Your task:
Where a line contains "Double or Twin Room with Sea View", begin there and restate word for word every line to the end of the entries below, pictures excluded.

Material for this task:

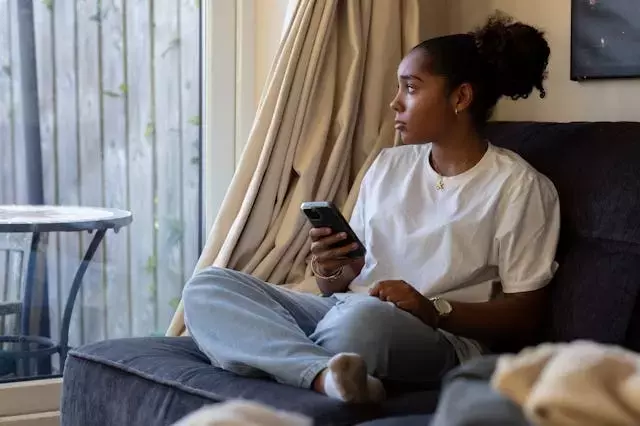 Teenagers' Daily Engagement with AI Chatbots on the Rise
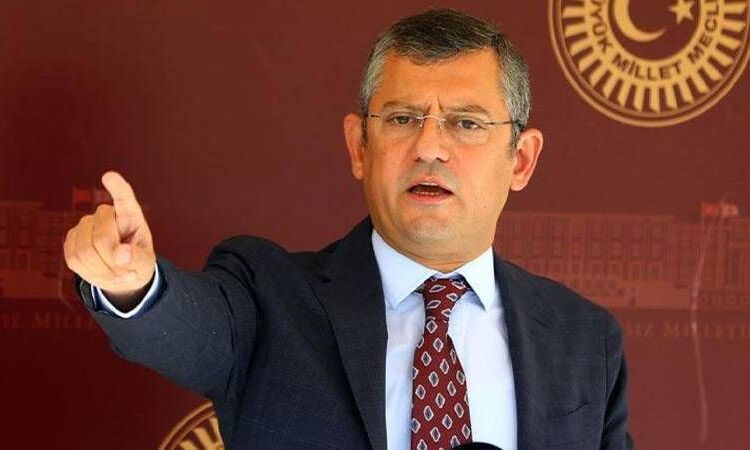 CHP’de Genel Başkanlık yarışı kızıştı: Özgür Özel “A Takımını” açıkladı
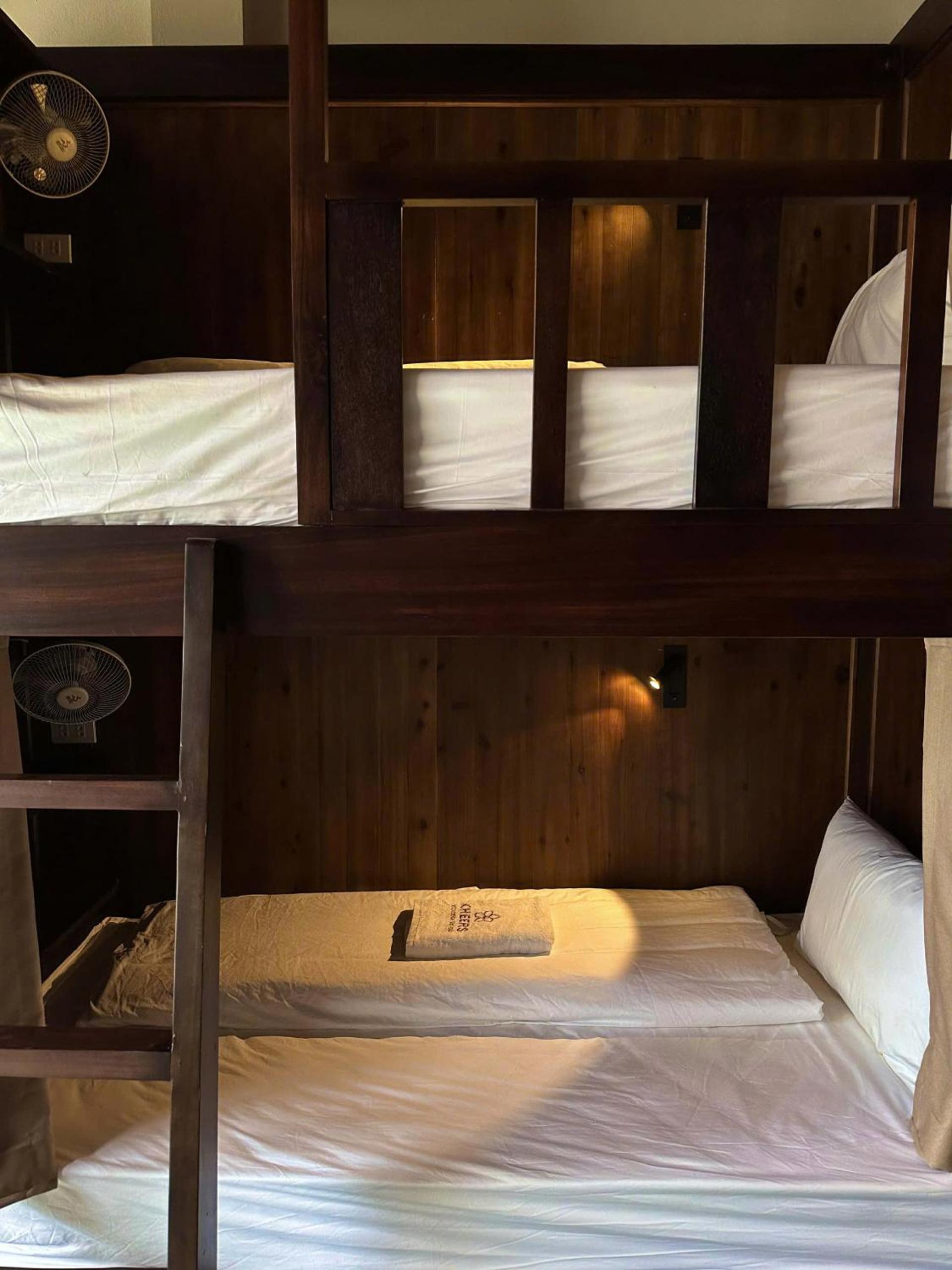 Bed in 10-Bed Mixed Dormitory Room photo 1
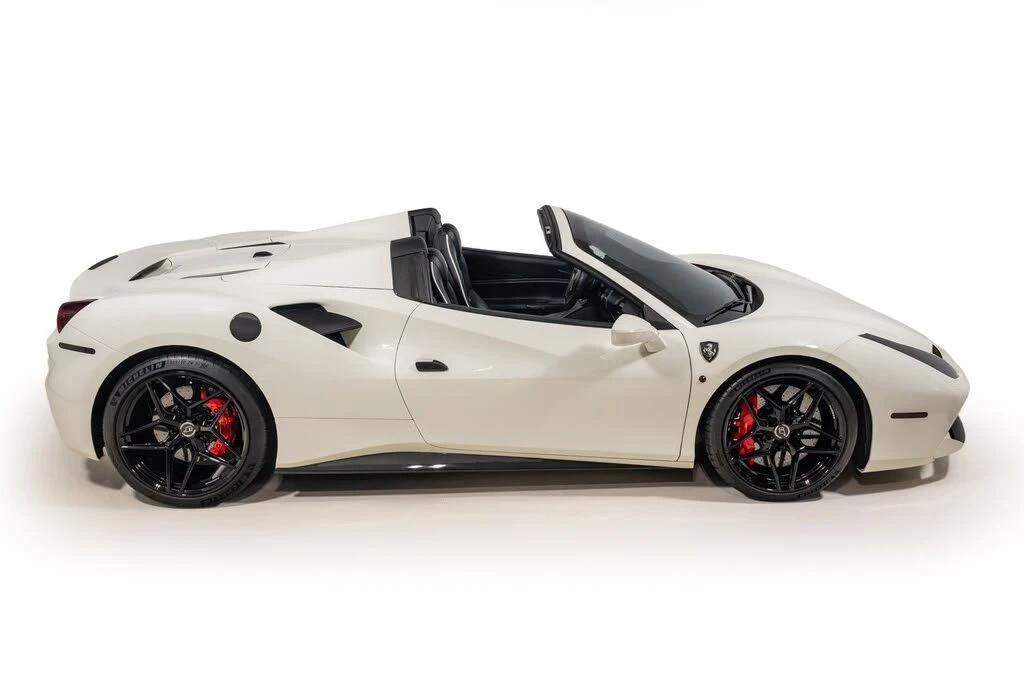 2017 Ferrari 488 Spider - Image 8 of 31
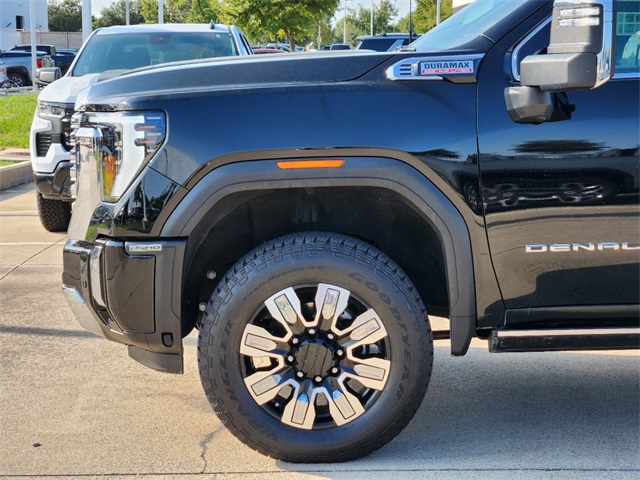 2024 GMC Sierra 2500HD Denali 13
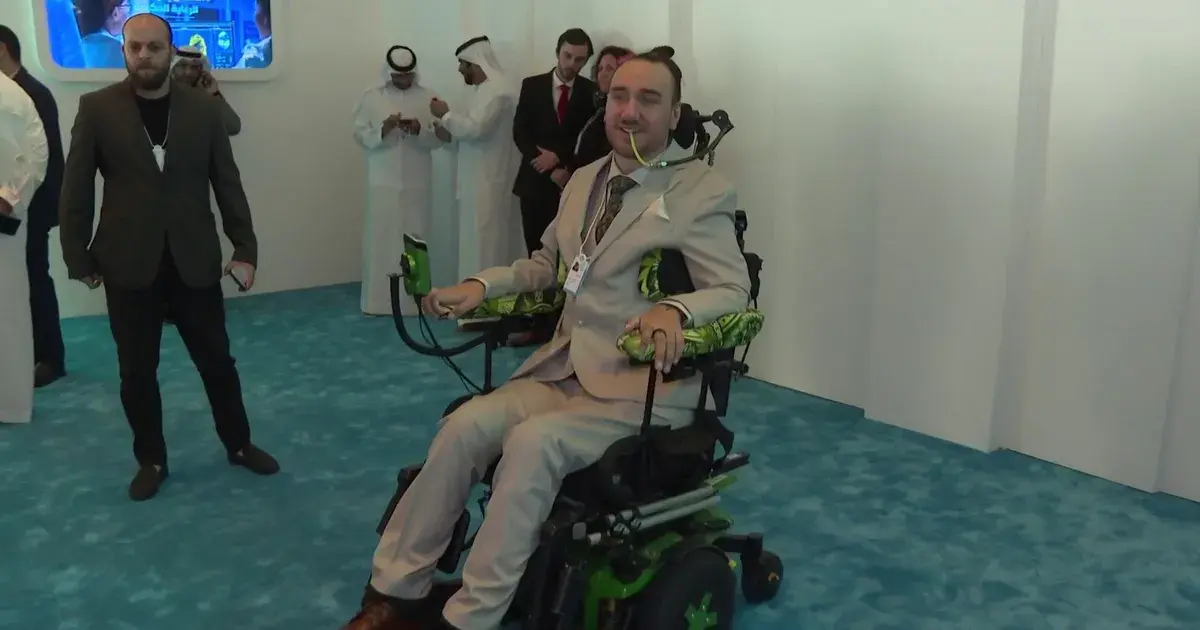 نولاند أربو وشريحة نيورالينك.. هل دخل الذكاء الاصطناعي العقل؟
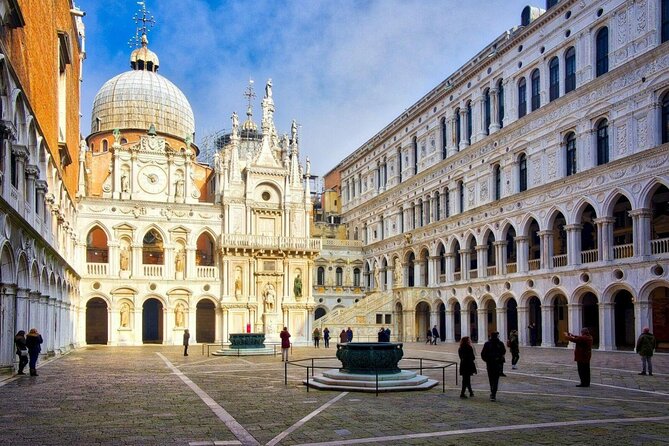 Private Tour: Venice Walk, Gondola, and Private Boat Tour ending on Murano Island with Venetian Lunch and Glass Factory Visit - A quick look at the Rialto Bridge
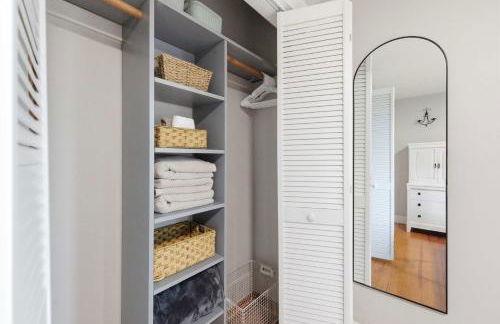 Craftsman Cozy Top Flr 1 Bed1- 1 Ba Private Porch - Foto 13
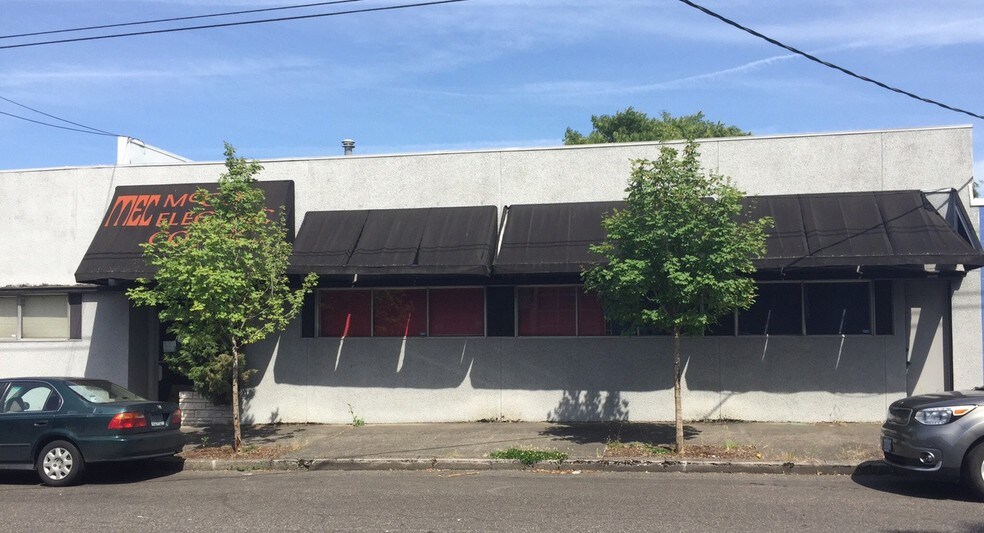 More Photos Of 2014 SE 9th Ave, Portland Warehouse For Sale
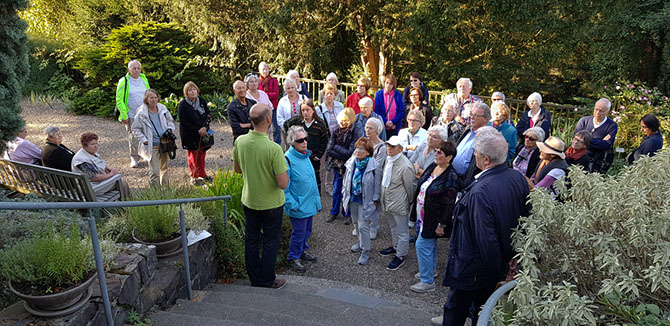 Arboretum, Begrüssung der Gruppe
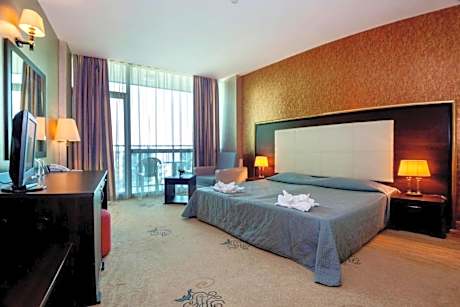 Double or Twin Room with Sea View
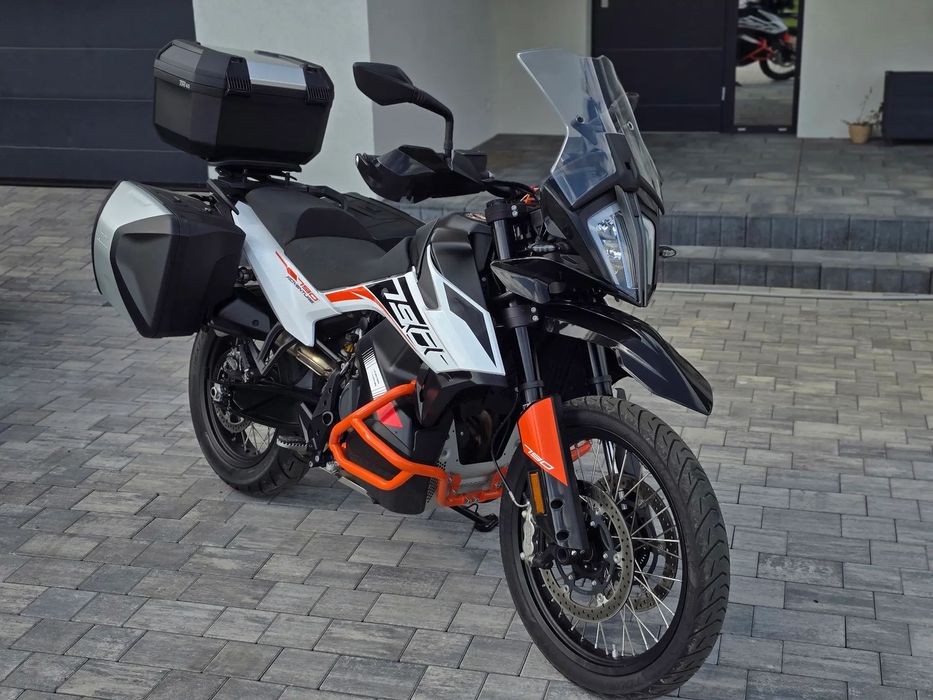KTM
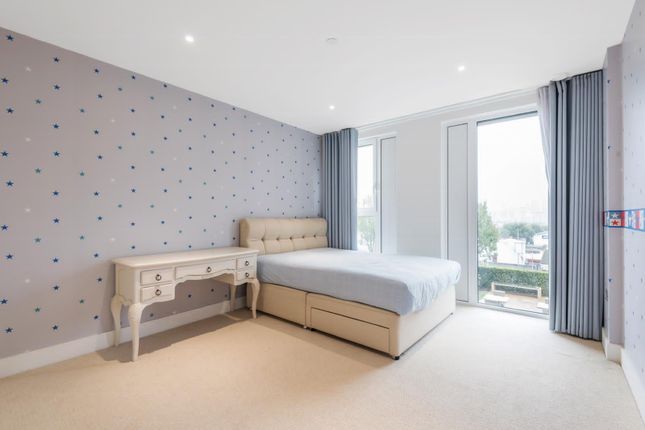 Flat to rent in Ravensbourne Apartments, Fulham Riverside, 5 Central Avenue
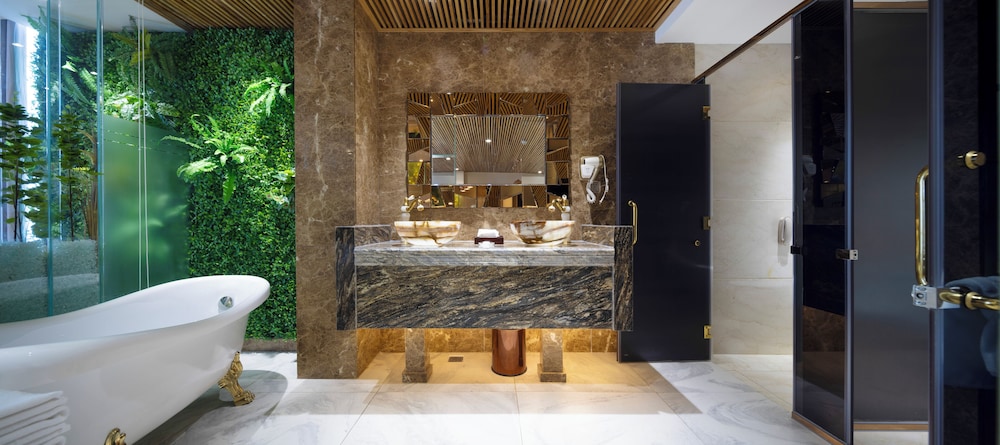 Winsuites Sai Gon Hotel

Answer to this problem:
 Double or Twin Room with Sea View
KTM
 Flat to rent in Ravensbourne Apartments, Fulham Riverside, 5 Central Avenue
 Winsuites Sai Gon Hotel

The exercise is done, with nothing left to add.